Preparation of ruthenium (IV) oxide nanoplatelets

The material was prepared by IL-assisted hydrothermal method where 0.25 g of precursor (ruthenium chloride hydrate, RuCl3, xH2O, 99.9% Alfa Aesar) was mixed with 2.5 mL hydrogen peroxide and 30 mL water. Later, 0.5 g of 1-butyl-3-methylimidazolium chloride (BMIMCl, Sigma-Aldrich, ≥ 98%) was added with constant stirring and transferred to a Teflon-lined autoclave. The mixture was subjected to heat treatment at 140 °C for 2 days. The autoclave was cooled to room temperature. The obtained product was washed with water and ethanol mixture (1:1). To remove excess ILs, the product was mixed with acetonitrile and stirred for overnight. The product was extracted from centrifugation (8,000 rpm for 30 min) and dried in an oven at 80 °C for overnight.
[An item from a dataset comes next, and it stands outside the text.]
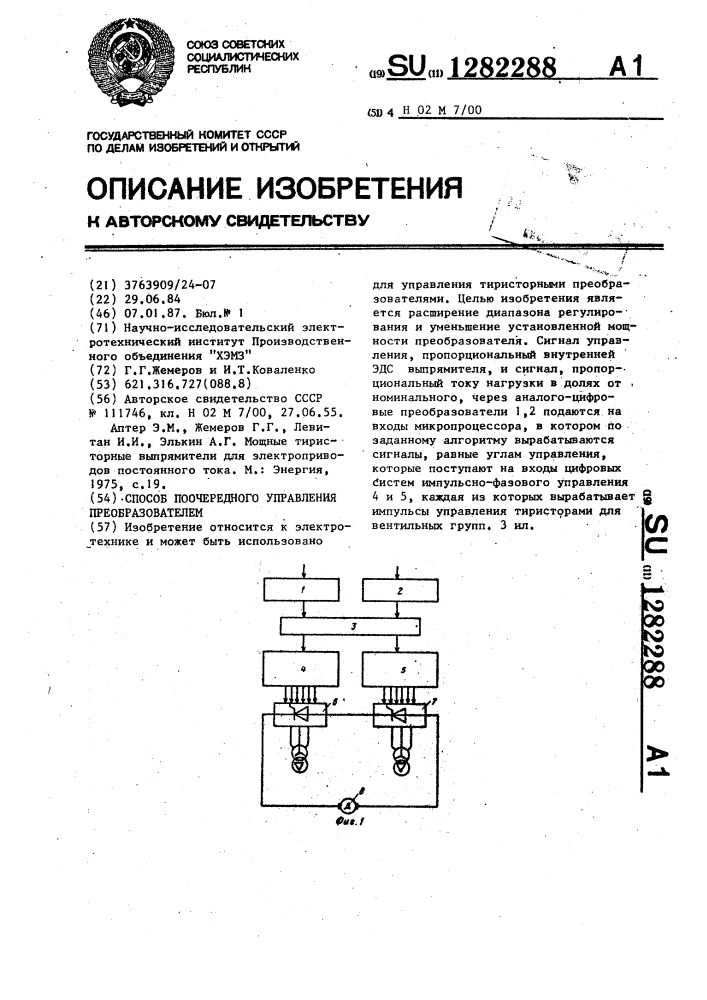 Способ поочередного управления преобразователем (патент 1282288)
Physicochemical characterization

Powder X-ray diffraction data were recorded on Philips X’pert PRO X-ray diffractometer with graphite monochromatized Cu-Kα (1.5418 Å) radiation. The surface morphology of the product was examined by Carl Zeiss Ultra 55 FESEM operated at 10 kV accelerating voltage using in-lens detector equipped with energy-dispersive X-ray spectroscopy (EDS). TEM micrographs were recorded at JEOL JEM 1200 Ex operating at 200 kV. The TEM samples were prepared by drop coating the diluted dispersion on a carbon-coated copper grid and dried under vacuum for 12 h. Raman spectroscopy of the sample was recorded by LabRAM HR, Horiba Jobin Yvon (France) using a 514.5 nm air-cooled Ar+ laser with 50× long distance objective. X-ray photoelectron spectroscopic (XPS) analysis was performed on a Kratos Axis Ultra DLD X-ray photoelectron spectrometer with monochromatic Al Kα (1486.708 eV) radiation. The absorption spectrum of the sample was measured on a Perkin Elmer Lambda 750 UV–vis spectrometer.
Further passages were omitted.